**Data to process**
-- Opening Marker --
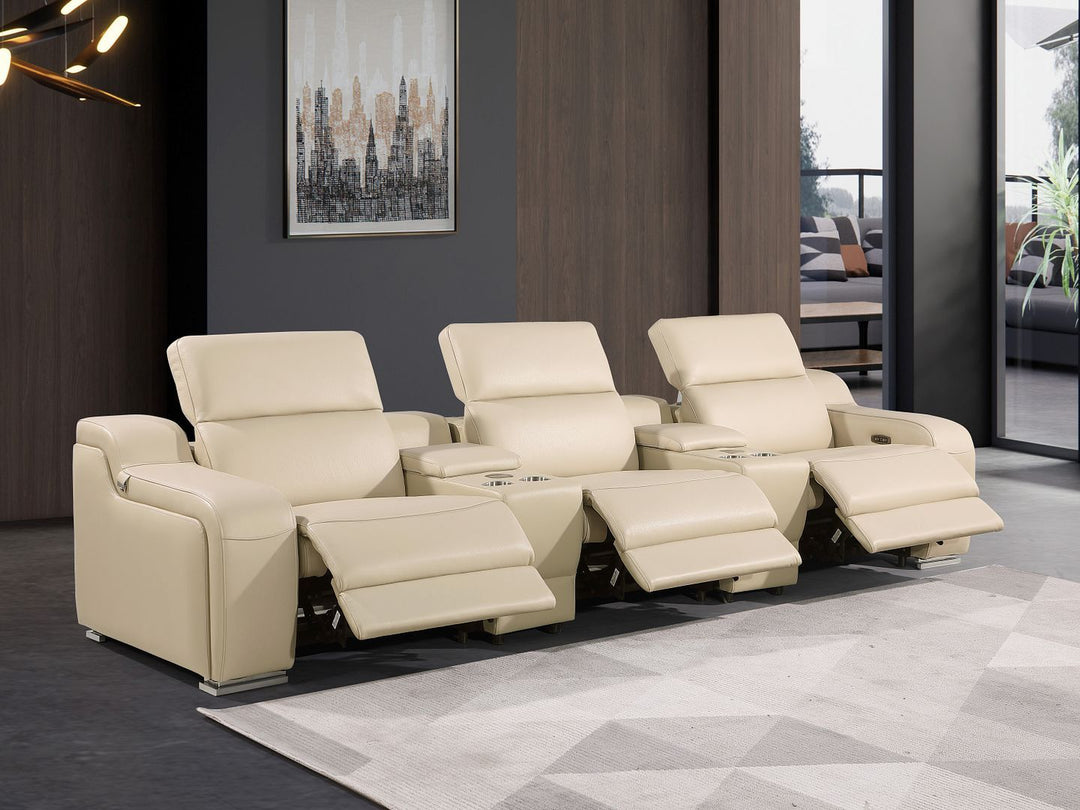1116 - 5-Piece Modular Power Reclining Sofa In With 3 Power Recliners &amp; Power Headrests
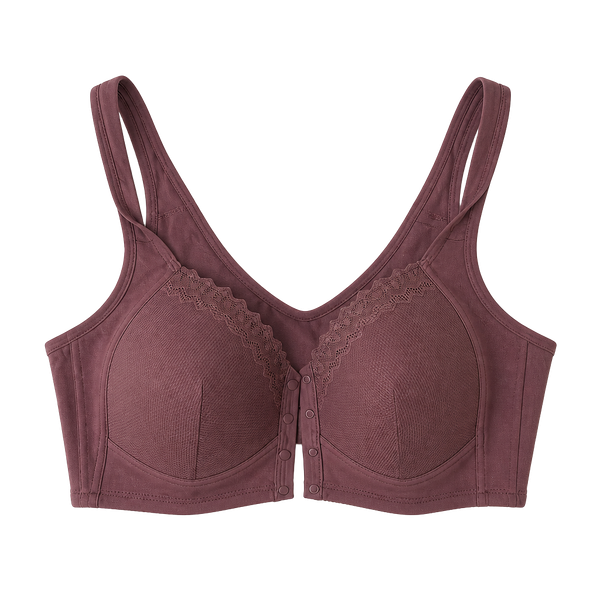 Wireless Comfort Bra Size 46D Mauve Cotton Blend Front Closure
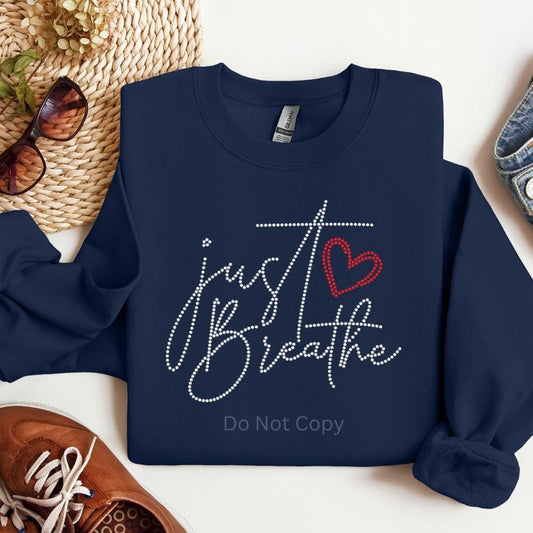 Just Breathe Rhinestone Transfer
-- Closing Marker --
-- Opening Marker --
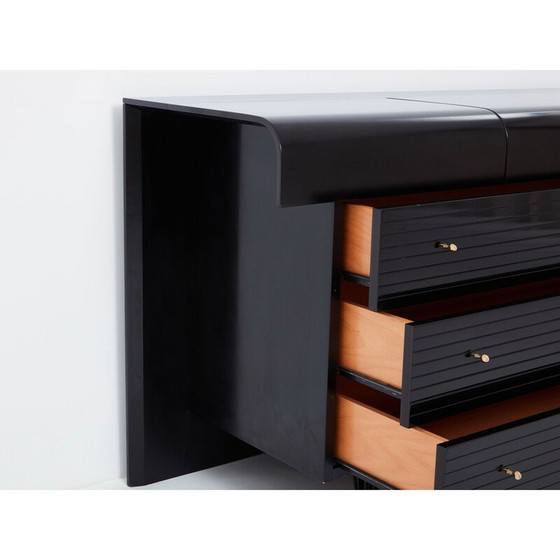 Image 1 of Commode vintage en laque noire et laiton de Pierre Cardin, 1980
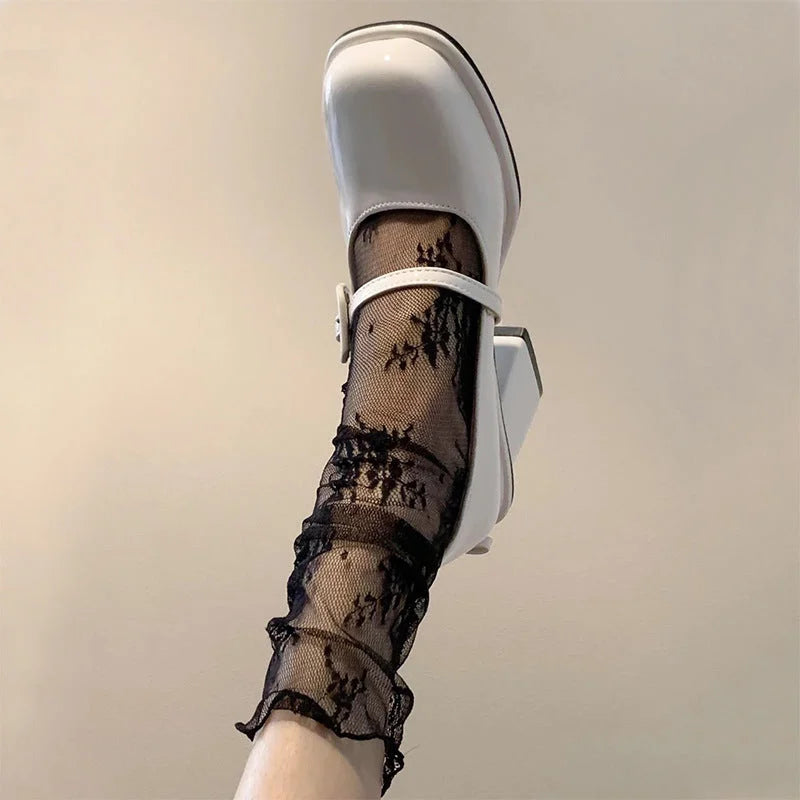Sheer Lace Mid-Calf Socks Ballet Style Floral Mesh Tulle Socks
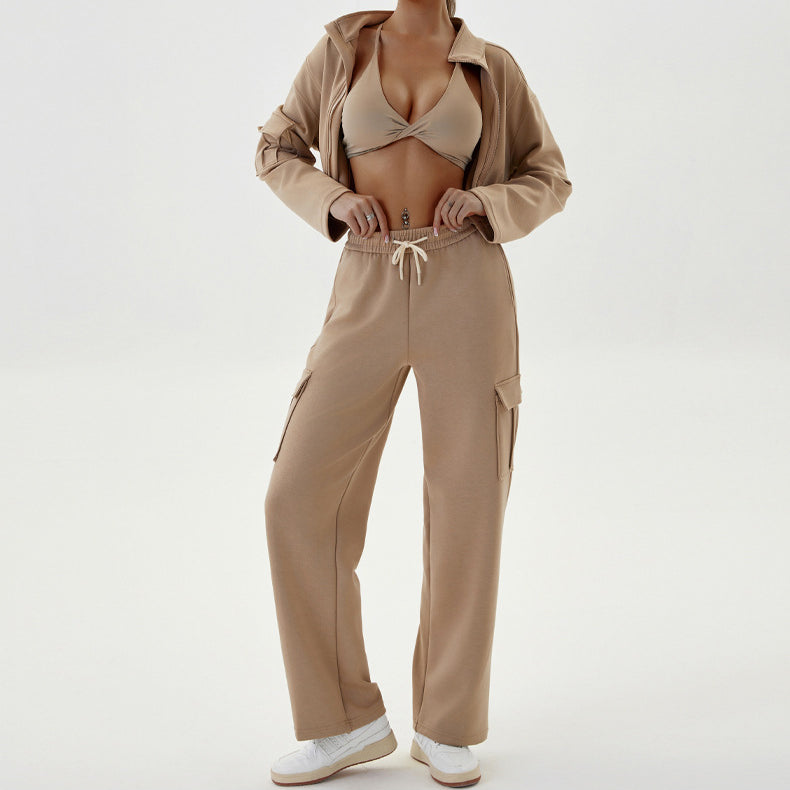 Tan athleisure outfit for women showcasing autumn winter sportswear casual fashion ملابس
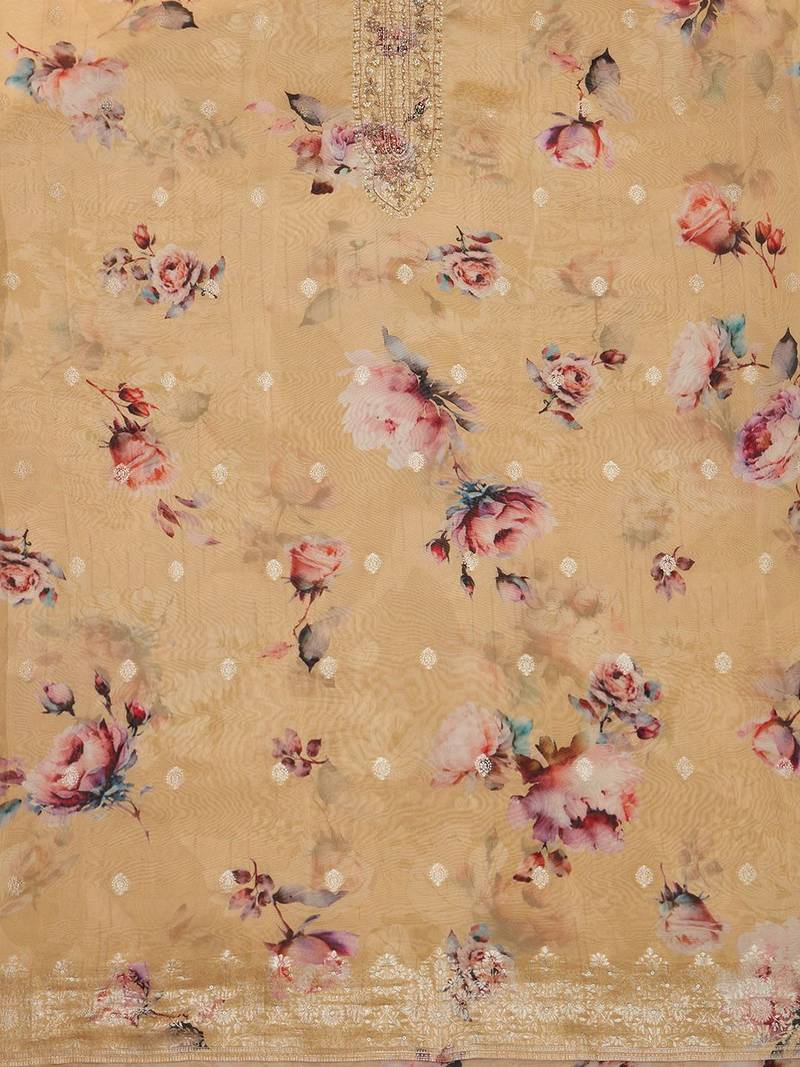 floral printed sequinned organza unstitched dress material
-- Closing Marker --
-- Opening Marker --
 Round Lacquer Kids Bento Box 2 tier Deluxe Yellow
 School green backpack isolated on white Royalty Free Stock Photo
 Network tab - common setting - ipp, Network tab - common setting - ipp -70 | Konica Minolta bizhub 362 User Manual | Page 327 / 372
-- Closing Marker --
**What this task involves**
In the records above, find the line with "1116 - 5-Piece" and the line with "Just Breathe Rhinestone Transfer". Write out exactly those lines and every one between, with no pictures and no other lines.

**Output of the task**
1116 - 5-Piece Modular Power Reclining Sofa In With 3 Power Recliners &amp; Power Headrests
 Wireless Comfort Bra Size 46D Mauve Cotton Blend Front Closure
 Just Breathe Rhinestone Transfer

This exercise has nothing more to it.